Students at La Salle College High School, Wyndoor, are putting their technology skills to good use in serving the wider community during the coronavirus pandemic.

When La Salle’s campus first closed due to COVID-19 restrictions, the school’s computer equipment sat idle. Thanks to the initiative of some of the school’s top tech students, the school’s server capacity is now being used to help find treatments for COVID-19.

The server capacity is being given to Folding@Home, a nonprofit that donates computer power to medical researchers. According to the organization’s website, the donated computer power runs simulations of protein dynamics, which helps scientists better understand biology and develop therapeutic treatments, and would otherwise be very expensive.

The nonprofit supports research for diseases and viruses like cancer, influenza and Alzheimer’s disease, and is now paying special attention to COVID-19.

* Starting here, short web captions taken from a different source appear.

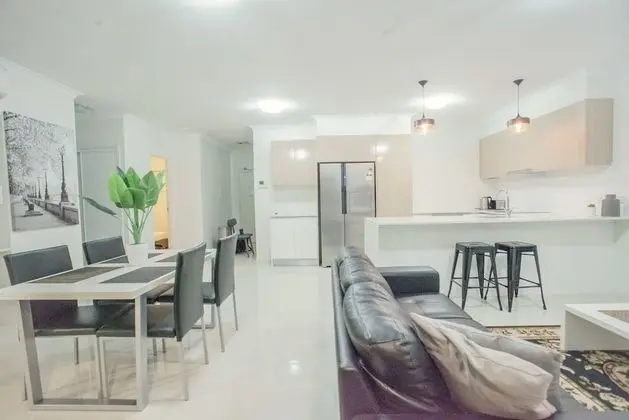 Grand Apart Daire, 3 Yatak Odası, 2 Banyolu, Şehir Manzaralı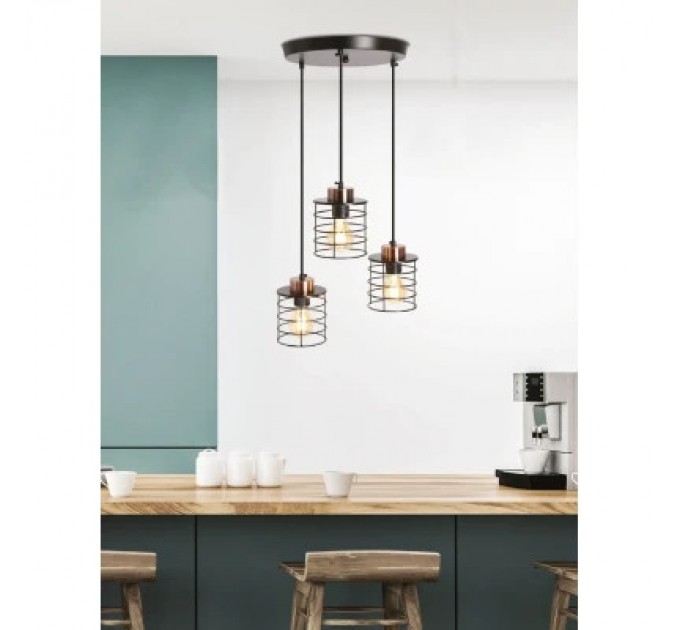 Люстра Candellux Glob (33-00408)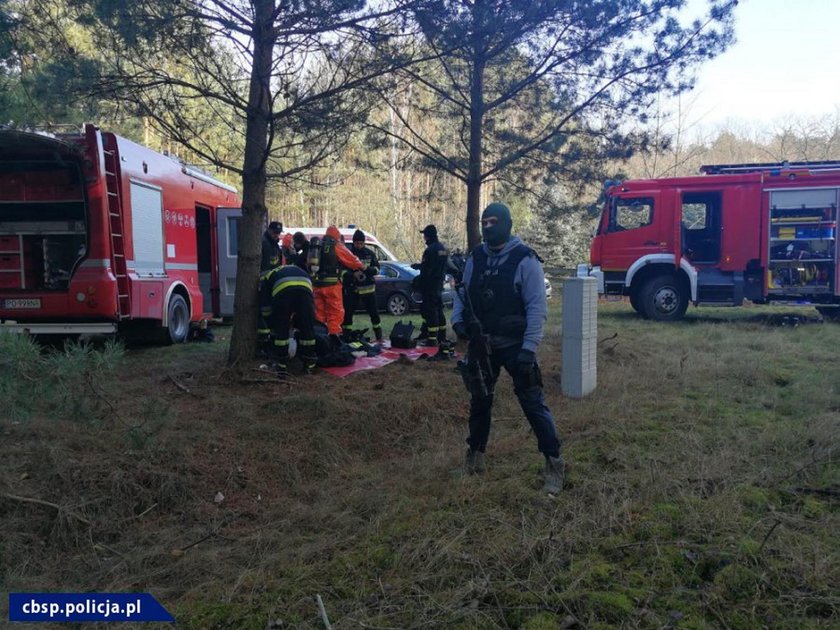 Gigantyczny przemyt narkotyków w Polsce. Przejęto towar o wartości 2 miliardów zł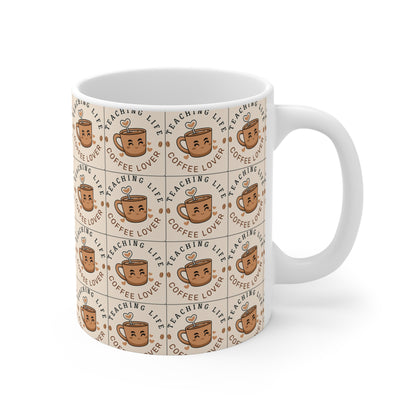 Coffee Lover Mug 11oz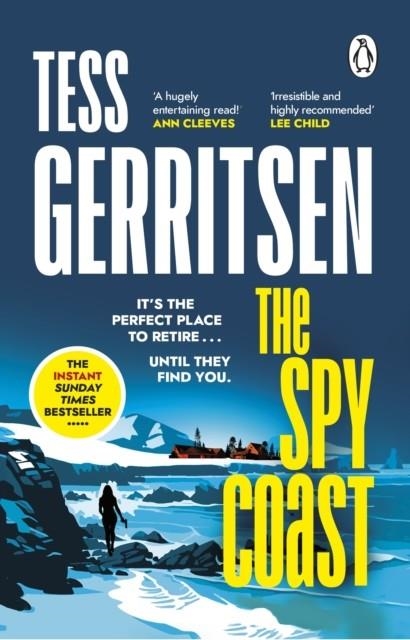 THE SPY COAST | 9781804992890 | TESS GERRITSEN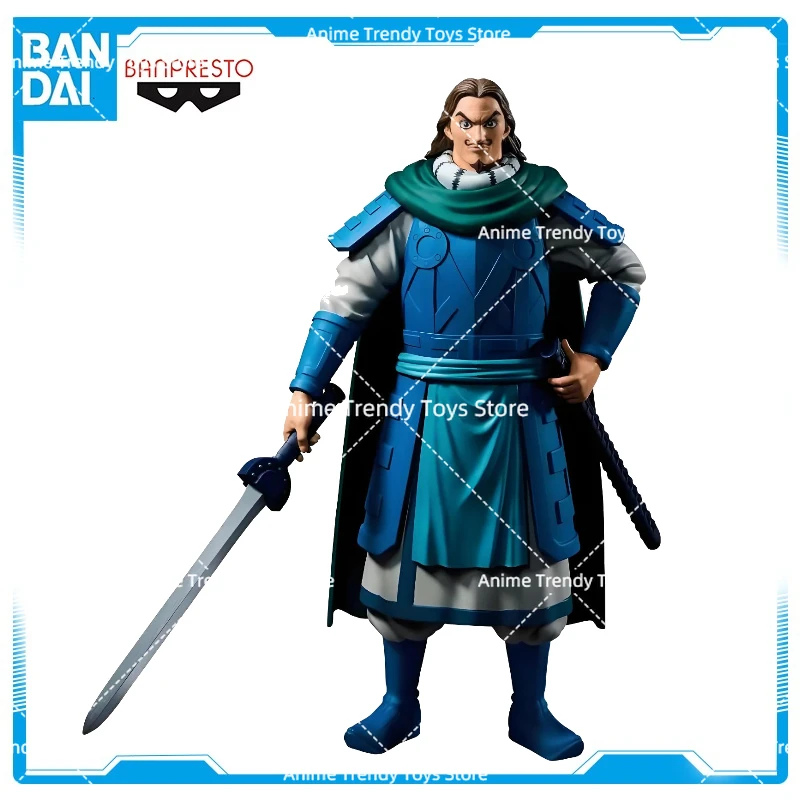 В наличии Оригинальные аниме-фигурки BANDAI Banpresto Grandista Kingdom TO, коллекционные модели игрушек WY
В наличии Оригинальные аниме-фигурки BANDAI Banpresto Grandista Kingdom TO, коллекционные модели игрушек WY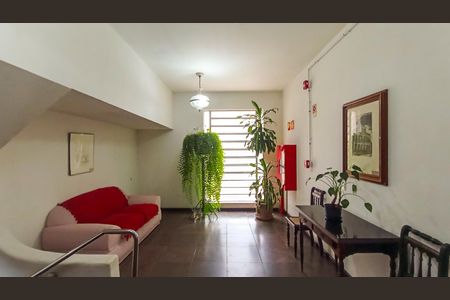 Apartamento para alugar com 41m², 1 quarto e sem vaga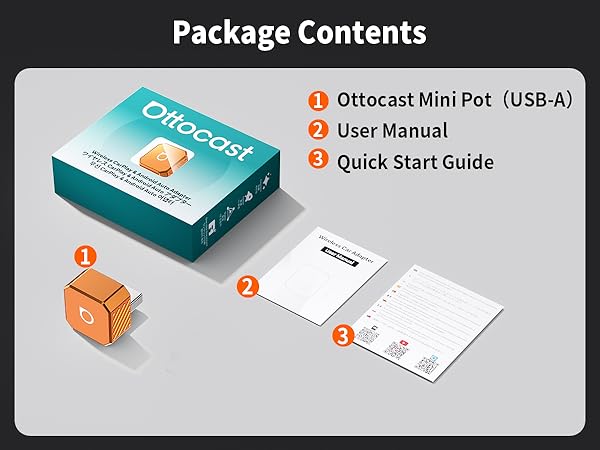 wireless carplay adapter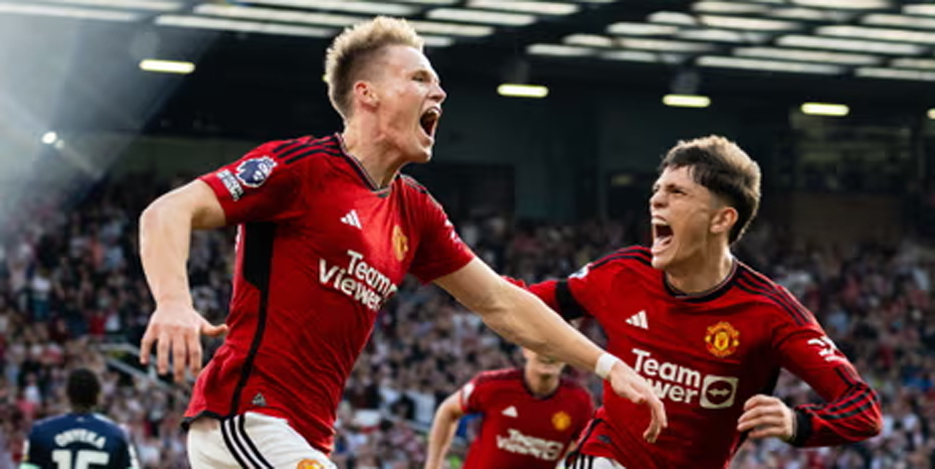 Manchester United Meraih Kemenangan Comeback 2-1 Atas Brentford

Senior Ben Koniers first had the idea to donate La Salle’s computer capacity, after hearing of Folding@Home’s efforts to research the coronavirus. He is the president of La Salle’s Student Lab Manager Program, a highly competitive team of the school’s top tech students who run La Salle’s entire Windows-based network.

After testing the Folding@Home program on his personal laptop, Koniers shared the idea of donating the school’s server capacity with teammates Ryan Keenan and Sean Mitchell.

Keenan was already donating his personal server to Folding@Home, and Mitchell helped validate the program’s software.

“We calculated that due to the lack of students on campus, our servers were underutilized, and could be used to help with Folding@Home, rather than just sit idle,” Koniers said.

Keenan agreed, saying, “As a team, we all saw the immediate value this would have.”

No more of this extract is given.